Bölüm 0 – Prolog

Bölüm 0 – Prolog

En üst koltuk.
En yüksek pozisyon veya rütbe.
Başka bir deyişle, bir gruptaki en seçkin bireyi ifade eder.
Bunun altında İkinci Koltuk yer alır.
O gruptaki en iyi ikinci kişidir.
Dünya sadece birinciyi hatırlar, ikinciyi değil.
Bu, ikincinin olağanüstü olmadığı anlamına gelmez.
İkincinin sıradan bir hayat yaşadığı anlamına da gelmez.
Çünkü ikinciler, ikinci en iyi olabilmek için çok çaba sarf etmiş ve çok çalışmışlardır.
Göç edeli bir hafta oldu.
İlk geçiş yaptığımda, doğal olarak bunun bir rüya olduğunu düşündüm.
Yanaklarımı sıktım ve eve geri gönderilmek için deli gibi çığlık attım ama hiçbir şey değişmedi.
Hissettiğim ilk duygu umutsuzluktu.
Hiçbir şey bilmediğim bir dünyaya bırakılmak uyum sağlamamı zorlaştırdı.
Ancak, insanların uyum sağlama konusunda bir ünü vardır ve kısa sürede bu gerçeği kabullendim.
Yeni kimliğimi araştırmaya başladım.
Araştırdıktan sonra birkaç şey öğrendim.
Bugünden itibaren bir akademiye katılmalıydım.
Liberion Akademisi.
İmparatorluğun en büyük akademisi, büyü, kılıç ustalığı ve simya öğretiyor… ortam bu.

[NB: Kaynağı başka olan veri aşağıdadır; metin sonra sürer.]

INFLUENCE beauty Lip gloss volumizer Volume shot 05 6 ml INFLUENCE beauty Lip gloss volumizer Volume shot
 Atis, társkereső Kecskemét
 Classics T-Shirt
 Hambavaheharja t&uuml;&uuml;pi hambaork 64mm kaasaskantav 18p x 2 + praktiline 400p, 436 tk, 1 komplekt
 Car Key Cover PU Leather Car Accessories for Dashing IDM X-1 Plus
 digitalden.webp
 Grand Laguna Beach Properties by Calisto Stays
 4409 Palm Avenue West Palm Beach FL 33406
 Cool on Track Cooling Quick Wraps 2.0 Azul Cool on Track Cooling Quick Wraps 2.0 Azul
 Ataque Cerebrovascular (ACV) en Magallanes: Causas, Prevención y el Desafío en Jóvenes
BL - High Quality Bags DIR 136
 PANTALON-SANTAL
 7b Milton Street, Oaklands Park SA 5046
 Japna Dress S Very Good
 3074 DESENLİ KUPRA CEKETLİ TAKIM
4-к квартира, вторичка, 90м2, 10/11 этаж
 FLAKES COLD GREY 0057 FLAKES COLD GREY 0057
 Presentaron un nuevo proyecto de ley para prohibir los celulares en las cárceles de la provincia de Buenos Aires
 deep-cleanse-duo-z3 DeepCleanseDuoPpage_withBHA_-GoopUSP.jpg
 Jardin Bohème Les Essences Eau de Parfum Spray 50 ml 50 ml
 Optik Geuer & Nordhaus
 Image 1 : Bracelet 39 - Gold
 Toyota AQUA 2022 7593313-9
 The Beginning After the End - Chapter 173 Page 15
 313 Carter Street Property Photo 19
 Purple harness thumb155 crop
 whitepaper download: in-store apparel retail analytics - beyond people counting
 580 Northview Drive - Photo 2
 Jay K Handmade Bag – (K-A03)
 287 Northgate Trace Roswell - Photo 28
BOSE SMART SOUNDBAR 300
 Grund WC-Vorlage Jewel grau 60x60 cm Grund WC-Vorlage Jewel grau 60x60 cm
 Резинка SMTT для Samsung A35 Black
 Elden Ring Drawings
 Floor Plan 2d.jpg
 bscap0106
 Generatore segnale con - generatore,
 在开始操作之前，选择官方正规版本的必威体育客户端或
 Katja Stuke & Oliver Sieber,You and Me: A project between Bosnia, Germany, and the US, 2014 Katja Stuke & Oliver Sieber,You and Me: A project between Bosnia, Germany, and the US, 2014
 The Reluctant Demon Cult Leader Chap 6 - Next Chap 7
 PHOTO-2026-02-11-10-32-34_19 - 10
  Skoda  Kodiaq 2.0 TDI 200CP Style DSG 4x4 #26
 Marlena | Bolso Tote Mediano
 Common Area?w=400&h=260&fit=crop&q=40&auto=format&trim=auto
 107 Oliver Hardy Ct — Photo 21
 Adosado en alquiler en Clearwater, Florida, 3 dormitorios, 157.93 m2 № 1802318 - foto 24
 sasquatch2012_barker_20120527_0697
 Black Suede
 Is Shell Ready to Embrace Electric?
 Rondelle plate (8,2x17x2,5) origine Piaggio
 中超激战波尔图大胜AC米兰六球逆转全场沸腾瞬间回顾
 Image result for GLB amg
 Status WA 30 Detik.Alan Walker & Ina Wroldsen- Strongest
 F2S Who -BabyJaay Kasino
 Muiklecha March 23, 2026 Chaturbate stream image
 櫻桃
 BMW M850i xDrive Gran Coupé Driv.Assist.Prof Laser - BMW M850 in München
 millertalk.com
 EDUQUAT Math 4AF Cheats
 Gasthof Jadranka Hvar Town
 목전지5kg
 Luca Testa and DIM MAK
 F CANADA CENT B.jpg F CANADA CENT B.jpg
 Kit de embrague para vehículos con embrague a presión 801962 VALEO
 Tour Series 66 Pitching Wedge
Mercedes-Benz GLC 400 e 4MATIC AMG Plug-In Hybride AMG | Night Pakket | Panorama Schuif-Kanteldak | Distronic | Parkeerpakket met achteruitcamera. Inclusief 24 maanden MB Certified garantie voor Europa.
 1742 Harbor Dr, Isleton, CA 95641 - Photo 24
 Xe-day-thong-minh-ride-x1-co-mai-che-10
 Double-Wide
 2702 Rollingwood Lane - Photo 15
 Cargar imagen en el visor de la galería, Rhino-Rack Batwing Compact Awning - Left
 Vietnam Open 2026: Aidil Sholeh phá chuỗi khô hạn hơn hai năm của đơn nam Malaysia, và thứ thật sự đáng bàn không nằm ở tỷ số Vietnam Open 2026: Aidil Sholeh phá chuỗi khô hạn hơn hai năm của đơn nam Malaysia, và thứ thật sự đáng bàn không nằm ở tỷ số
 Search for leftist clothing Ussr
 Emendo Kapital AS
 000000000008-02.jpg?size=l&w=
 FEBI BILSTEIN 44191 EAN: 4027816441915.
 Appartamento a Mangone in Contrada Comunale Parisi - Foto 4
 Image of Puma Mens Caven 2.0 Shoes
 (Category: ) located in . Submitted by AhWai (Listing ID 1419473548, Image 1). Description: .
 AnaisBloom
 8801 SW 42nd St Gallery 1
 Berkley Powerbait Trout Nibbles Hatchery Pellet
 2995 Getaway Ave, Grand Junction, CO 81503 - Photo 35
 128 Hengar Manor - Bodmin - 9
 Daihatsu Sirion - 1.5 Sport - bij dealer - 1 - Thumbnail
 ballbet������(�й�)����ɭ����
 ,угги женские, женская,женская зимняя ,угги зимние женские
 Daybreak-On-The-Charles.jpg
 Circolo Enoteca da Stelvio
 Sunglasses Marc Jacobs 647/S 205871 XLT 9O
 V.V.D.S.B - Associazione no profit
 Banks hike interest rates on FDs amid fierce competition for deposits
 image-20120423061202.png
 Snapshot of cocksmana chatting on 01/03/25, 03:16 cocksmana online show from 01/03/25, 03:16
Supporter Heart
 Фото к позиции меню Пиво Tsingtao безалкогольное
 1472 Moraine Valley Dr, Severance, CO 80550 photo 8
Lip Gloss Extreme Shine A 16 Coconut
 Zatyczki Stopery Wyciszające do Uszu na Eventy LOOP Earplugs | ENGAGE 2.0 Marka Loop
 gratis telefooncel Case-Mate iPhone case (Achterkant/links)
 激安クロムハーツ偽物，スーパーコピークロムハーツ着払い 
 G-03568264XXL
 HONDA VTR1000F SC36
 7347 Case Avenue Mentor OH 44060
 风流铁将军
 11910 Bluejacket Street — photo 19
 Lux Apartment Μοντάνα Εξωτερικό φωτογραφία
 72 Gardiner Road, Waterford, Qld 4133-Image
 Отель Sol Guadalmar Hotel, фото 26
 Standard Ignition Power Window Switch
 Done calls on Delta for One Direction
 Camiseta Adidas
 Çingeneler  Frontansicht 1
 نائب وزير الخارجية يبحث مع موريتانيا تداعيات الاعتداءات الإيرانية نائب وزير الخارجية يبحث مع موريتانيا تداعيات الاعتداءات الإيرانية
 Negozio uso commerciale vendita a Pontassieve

Görünüşe göre “Akademinin En İyi Büyücüsü” oyununa geçiş yapmışım.
Bu oyunu oynayan herkes ismi bilir.
“Rudy Astria.
Her zaman baş karakterden sonra gelir.
Astria dükalığının ikinci oğlu ve akademiye en üst koltukta giren bir adam.
Ancak, oyunun adından da anlaşılacağı gibi, oyuncu tarafından kontrol edilen kahraman vize sınavlarından itibaren ilk koltuğu alır ve Rudy’yi kalıcı İkinci Koltuk olarak bırakır.
İkinci oğul ve ikinci koltuk olarak ‘Rudy Astria’ oyunculardan ‘daimi ikinci sıra’ ve ‘fasulye sırasının halefi’ gibi çeşitli lakaplar alıyor, ancak bu karakterin oyun geliştiricileri tarafından yaratılmasının arkasında bir neden var.
Kahramanın antitezi.
Tamamen zıt bir rol üstlendi.
Halktan biri olan başkahraman ilk koltuğu ele geçirmek için çaba sarf ederken, yüksek rütbeli soylu ‘Rudy Astria’ doğuştan gelen yeteneğiyle ikinci koltuğu koruyor ve ikisi arasında keskin bir zıtlık sergiliyor.
Dolayısıyla, kahramanın yeteneğini çabayla aşma hikayesi bu oyunun, ‘Akademinin En İyi Büyücüsü’nün ana hikayesidir.
Ancak bu bir sorun teşkil etti.
Ben bu oyunun kıdemli bir oyuncusuyum, bu yüzden tüm sonları ve onlara ulaşmanın yollarını biliyorum.
‘Rudy Astria’ tüm bu sonlar için vazgeçilmez bir varlık.
En başından itibaren ortaya çıkan kötü adamdır ve hikaye ilerledikçe giderek daha önemli bir rol üstlenir.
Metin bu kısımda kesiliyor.